Directions: Below, locate the line that contains "Cabo De Conversão". Repeat exactly from that line to the line that contains "Donizetti: Lammermoori Lucia", inclusive, leaving out the pictures.

Records shown:

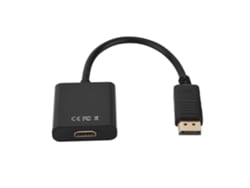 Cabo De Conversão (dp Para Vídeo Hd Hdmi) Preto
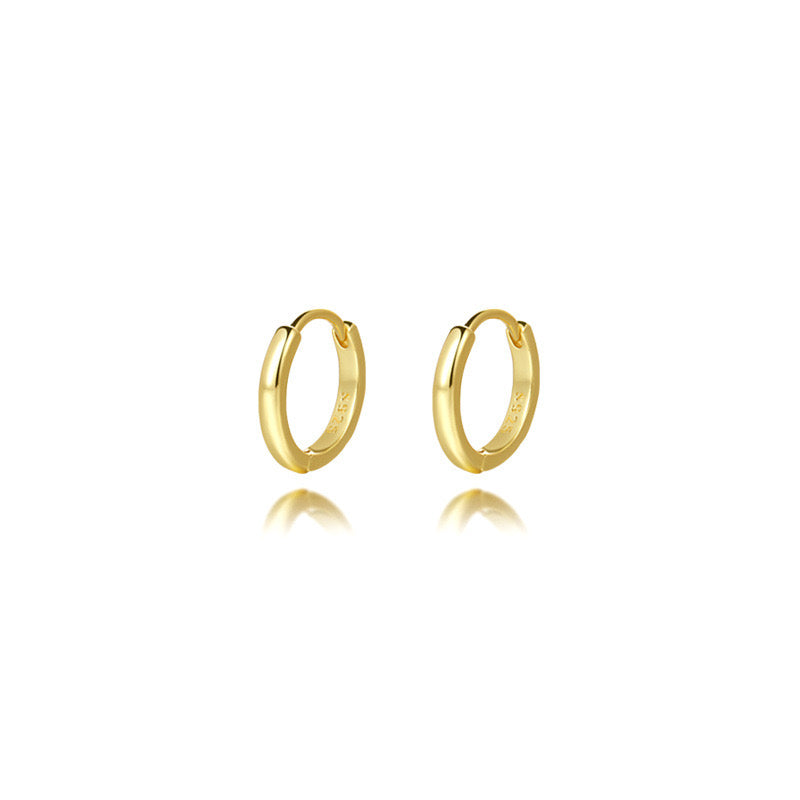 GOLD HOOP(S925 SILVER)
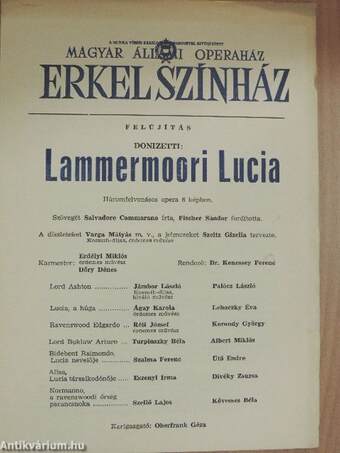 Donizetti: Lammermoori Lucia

--

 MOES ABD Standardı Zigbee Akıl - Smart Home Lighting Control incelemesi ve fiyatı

Answer box:
 Cabo De Conversão (dp Para Vídeo Hd Hdmi) Preto
 GOLD HOOP(S925 SILVER)
 Donizetti: Lammermoori Lucia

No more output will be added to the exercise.